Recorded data
-- Opening Marker --

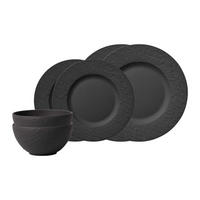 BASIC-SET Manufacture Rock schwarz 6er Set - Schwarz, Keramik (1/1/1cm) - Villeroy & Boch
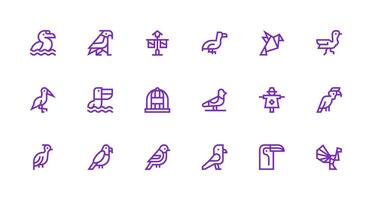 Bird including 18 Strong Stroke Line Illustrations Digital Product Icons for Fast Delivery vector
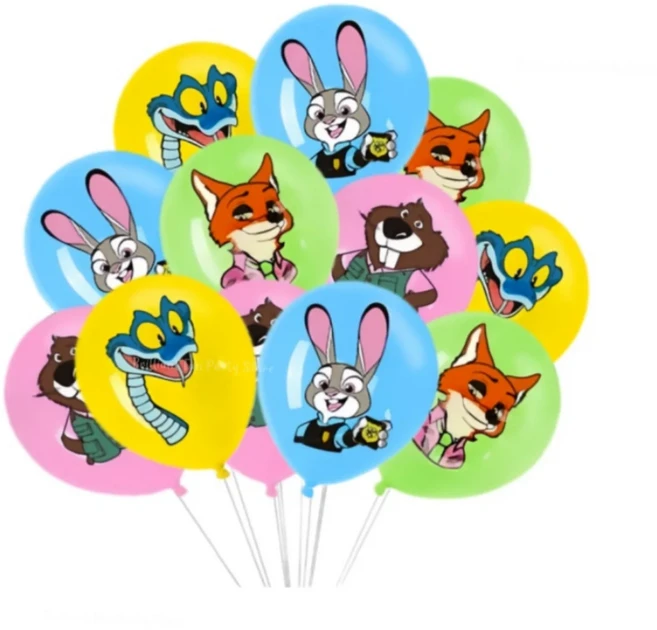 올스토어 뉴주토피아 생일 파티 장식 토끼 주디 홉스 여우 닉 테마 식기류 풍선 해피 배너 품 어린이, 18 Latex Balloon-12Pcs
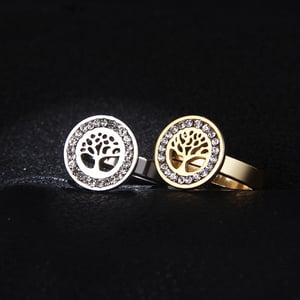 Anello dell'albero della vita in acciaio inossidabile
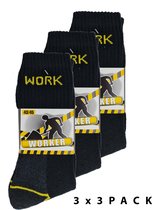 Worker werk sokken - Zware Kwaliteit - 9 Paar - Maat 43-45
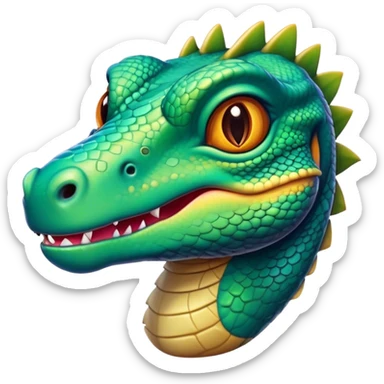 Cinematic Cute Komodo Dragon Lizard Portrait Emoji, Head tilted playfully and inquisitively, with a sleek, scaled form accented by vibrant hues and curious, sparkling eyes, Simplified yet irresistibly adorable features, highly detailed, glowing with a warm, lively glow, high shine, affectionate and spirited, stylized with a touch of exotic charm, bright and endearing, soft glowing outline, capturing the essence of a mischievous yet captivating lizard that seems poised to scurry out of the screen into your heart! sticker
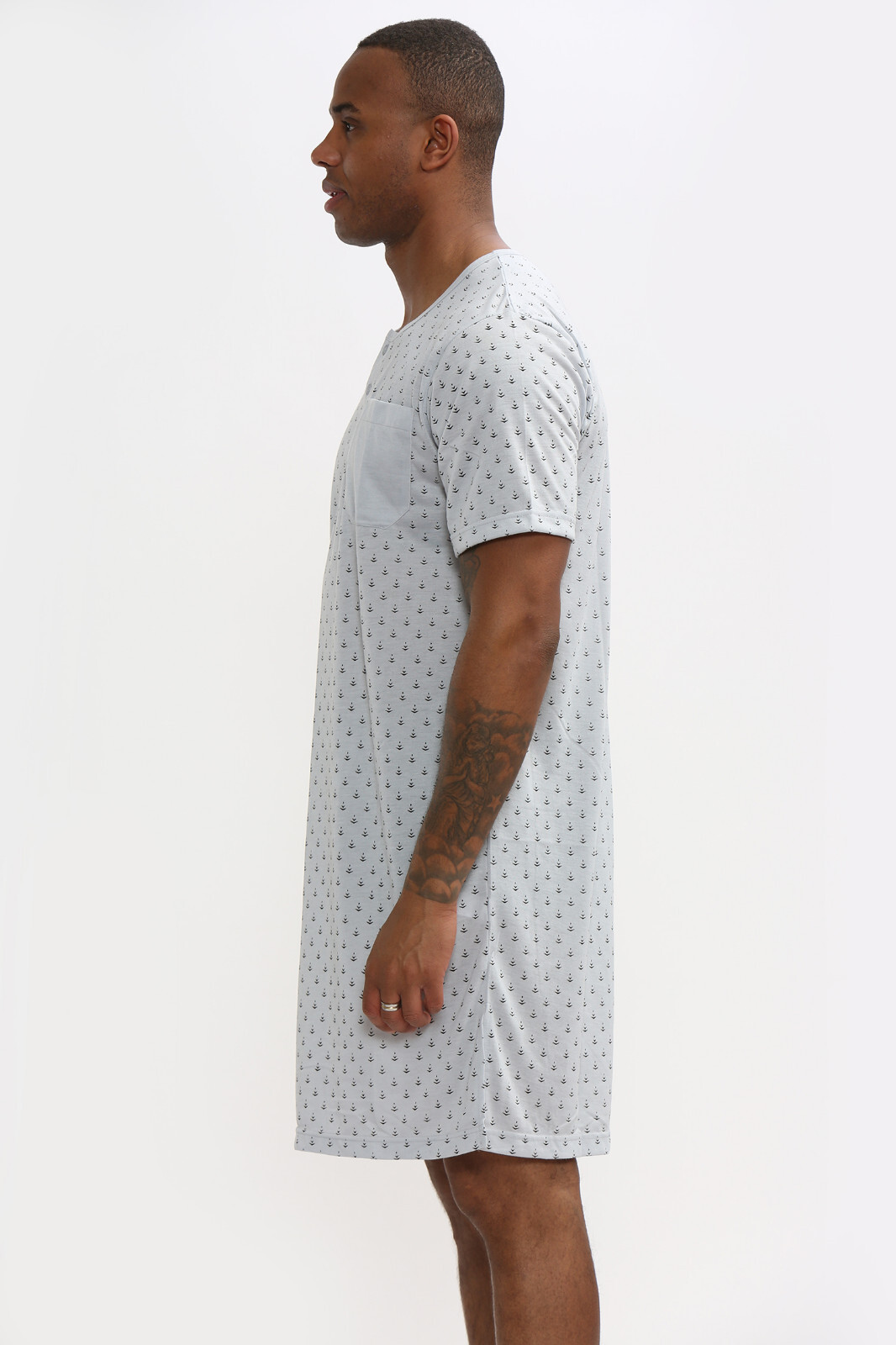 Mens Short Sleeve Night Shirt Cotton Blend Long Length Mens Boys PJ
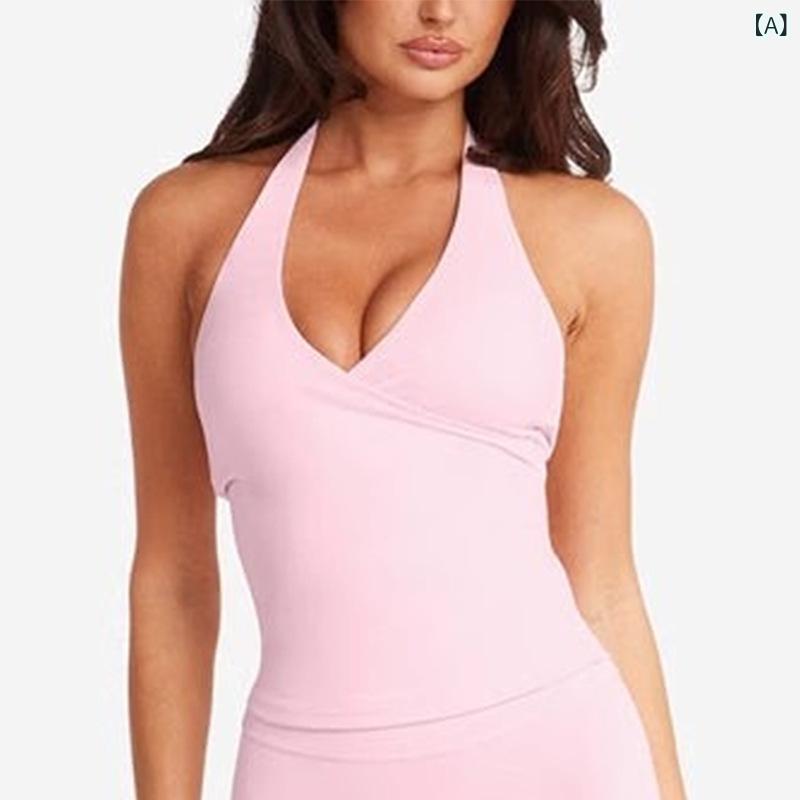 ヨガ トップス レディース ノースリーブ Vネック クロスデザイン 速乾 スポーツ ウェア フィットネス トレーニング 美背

-- Closing Marker --

**Task details**
For the entries above, the output must hold exactly the lines from the one with "Cinematic Cute Komodo" through the last line, both included, and no pictures.

**Written reply**
 Cinematic Cute Komodo Dragon Lizard Portrait Emoji, Head tilted playfully and inquisitively, with a sleek, scaled form accented by vibrant hues and curious, sparkling eyes, Simplified yet irresistibly adorable features, highly detailed, glowing with a warm, lively glow, high shine, affectionate and spirited, stylized with a touch of exotic charm, bright and endearing, soft glowing outline, capturing the essence of a mischievous yet captivating lizard that seems poised to scurry out of the screen into your heart! sticker
 Mens Short Sleeve Night Shirt Cotton Blend Long Length Mens Boys PJ
 ヨガ トップス レディース ノースリーブ Vネック クロスデザイン 速乾 スポーツ ウェア フィットネス トレーニング 美背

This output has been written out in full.